Fig. 1. Diffusion of a Gaussian hump on a uniform attractive condensate background. The initial hump height $A_0=0.1$ and width $\sigma=0.025$. A series of bright solitons are generated one-by-one at the wavefront in the whole diffusing process. The solitons exhibit breathing oscillations and nearly do not travel. The total numbers of atoms are (a) $N=500$, (b) $N=2000$, (c) $N=3500$, (d) $N=5000$, which are equivalent to different nonlinear coupling strengths. More solitons are generated for stronger nonlinear interactions or more atom numbers.

Theoretically, in an attractive condensate the bright soliton is stable. We first take a Gaussian hump ($\lambda=+1$) on a uniform condensate background. The parameters are $A_0=0.1$ and $\sigma=0.025$. Figure 1 shows the real-time evolution of the initial wave packet for total atom numbers $N=500$, 2000, 3500, 5000, respectively. We observe that in the process of diffusion the hump decays by generating a series of bright solitons one after another at the wave front. These newly created solitons do not travel and exhibit breathing modes. A stationary bright soliton with velocity $c=0$ implies $\mu=-k^2$ in Eq. (4) for a single soliton solution. The breathing mode means that the generated solitons are not stationary completely. The stronger the nonlinear interaction or the more the atom number is, the denser the solitons are, with a lower height. All of the solitons have the same breathing frequency in a given process of diffusion, while the breathing frequency increases as the nonlinear interaction becomes stronger. In the Gaussian notch case ($\lambda=-1$), the diffusion process is shown in Fig. 2. We note that the wave packet also decays as in the hump case. However, there is a slight difference: in the hump case (as shown in Fig. 1), a remnant bright soliton remains at the original position of the initial hump; while there is no soliton in the notch case (as shown in Fig. 2). In both situations, pairs of stationary bright solitons are centered on the initial position. The solitonic diffusing characteristic is universal. We have taken various other shapes of wave packet including sawtooth, square and sine functions, in either symmetrical or asymmetrical form, as the initial wave packet to verify our conclusions. The parameters such as depth or width do not alter the results qualitatively. The solitonic feature increases with the total atom number $N$. If we take the linear limit (i.e., $N=1$), then the solitonic feature disappears.

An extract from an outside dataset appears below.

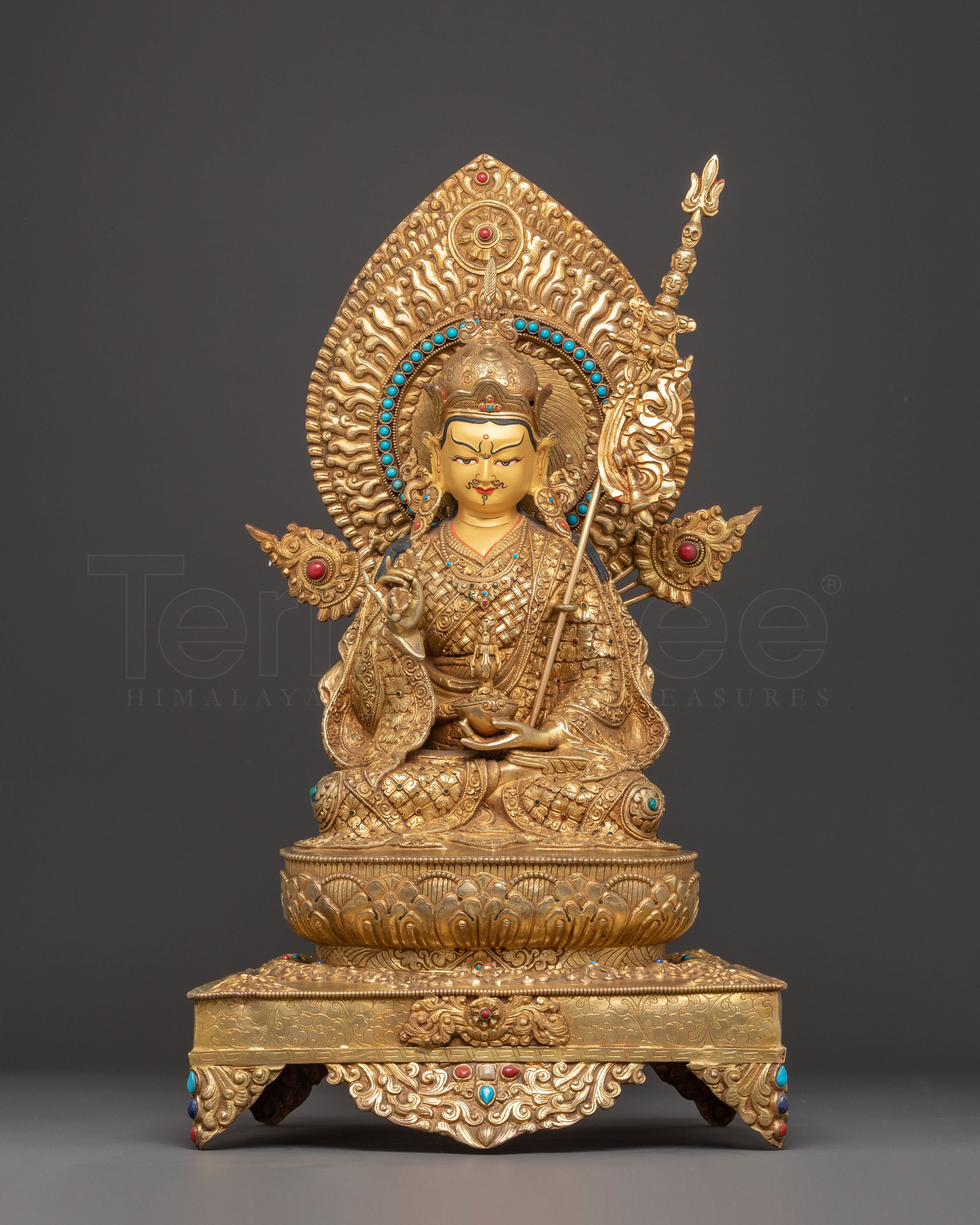 Guru Tsokye Dorje Handmade Statue with Torana : Lotus Born Master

Fig. 2. The same as Fig. 1 but for an initial Gaussian notch. The initial wave packet depth $A_0=-0.1$ and width $\sigma=0.025$. Again, bright solitons are continuously generated in the diffusing process but no soliton appears at the initial notch position, in contrast to the Gaussian hump case.

Next, we examine the spreading speed $v_w$ of the wave packet. In the simulations we take $A_0=\pm0.1$ and $\sigma=0.025$. $N$ is taken from $5\times10^2$ to $1\times10^4$, such that $\gamma$ changes from $1.3\times10^3$ to $2.5\times10^4$. Figure 3 plots the spreading speed versus the relative coupling strength. The relative coupling strength is referenced to the case of $N=500$. We find that the wave spreading speed largely depends on $\gamma$ or $N$ and reveals a nearly linear relation. It is demonstrated that the solitonic diffusion is a result of nonlinear effect. Dark or grey solitons can be stable in repulsive condensates. We presumably consider that the diffusion of a wave packet will exhibit the same behavior in repulsive condensates as in attractive condensate. Unexpectedly, numerical simulations reveal completely different characteristics.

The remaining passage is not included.